Megalithic tomb - wedge tomb, Cuillaun, Co. Mayo
Co. Mayo |
Megalithic Tombs
In the pastureland of Cuillaun, a prehistoric burial monument has vanished so completely that the ground gives no indication it was ever there.
The site near the eastern end of a low ridge, overlooking Killaturly Lough to the south, once held a wedge tomb, one of the most widespread megalithic tomb types in Ireland, characterised by a gallery that narrows and lowers towards the rear, typically oriented south-west to catch the setting sun. What makes this particular absence worth marking is not just that the structure is gone, but that it disappeared within living memory, erased during land reclamation sometime in the mid to late twentieth century.
The 1837 Ordnance Survey six-inch map labels the spot a 'Giant's Grave', the colloquial term Irish cartographers routinely applied to ancient field monuments whose true nature was not well understood at the time.
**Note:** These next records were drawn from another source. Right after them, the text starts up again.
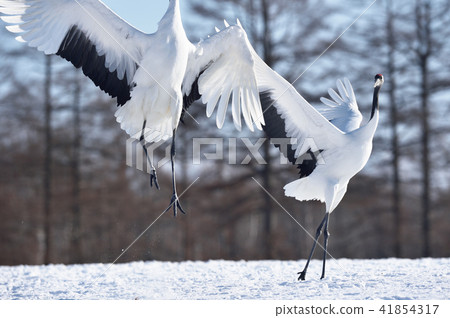 Cranes dancing with two (Hokkaido) Cranes dancing with two (Hokkaido) 41854317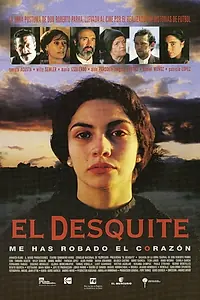 Главный постер фильма «Возмездие (1999)»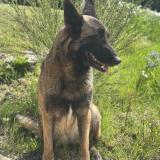 Picture of dog lost at Chateau D Oleron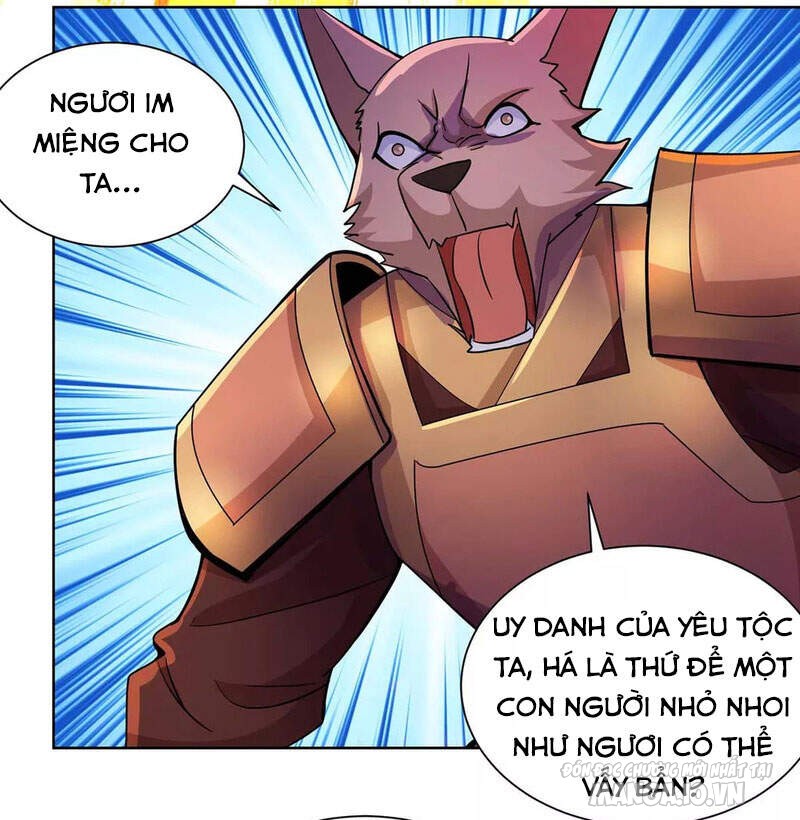 Trọng Sinh Sau Tám Vạn Năm Chapter 250 - Trang 2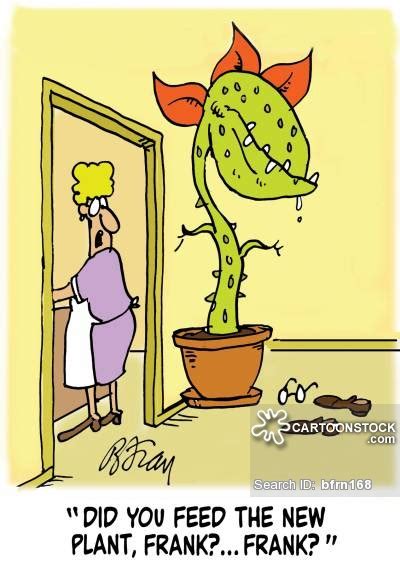 Free Plant Cartoon, Download Free Plant Cartoon png images, Free ...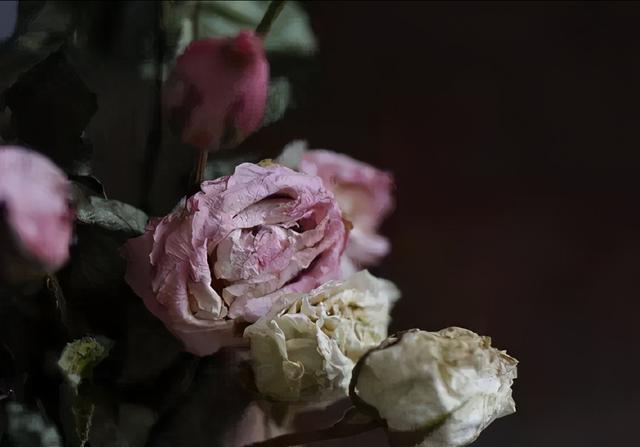 怎么制作干花的过程，快死的鲜花变文艺干花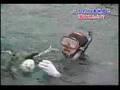 Summers' Japanese Style Tour in Korea- Fukawa Dives in Cheju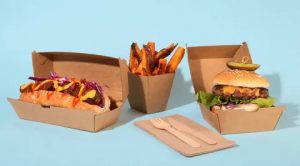 Custom Fast Food Boxes
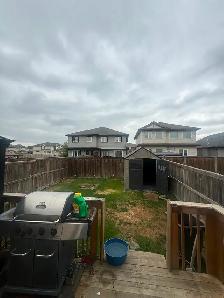 Spacious 5 Bedroom Duplex for Rent in Albany - Photo 6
By 1919, the monument had already been dropped from the revised edition, suggesting it was already becoming difficult to distinguish from the surrounding landscape. When the archaeologists Ruaidhrí de Valera and Seán Ó Nualláin visited in 1964 for their Survey of the Megalithic Tombs of Ireland, they found an oval-shaped mound roughly eleven metres along its north-east to south-west axis and eight metres across, partly smothered by overgrowth and being used informally as a dump for field stones. Even then, the structure retained something of its original form: a portion of a roof stone was visible near the centre, resting on what appeared to be side stones, and four uprights towards the south-west end seemed to represent the façade of an outer wall, with additional stones around the mound's edge possibly indicating further outer walling. That record is now all that survives of the monument itself. A cluster of large stones piled against a field fence to the south may include material displaced from the tomb during reclamation, though nothing can be confirmed with certainty.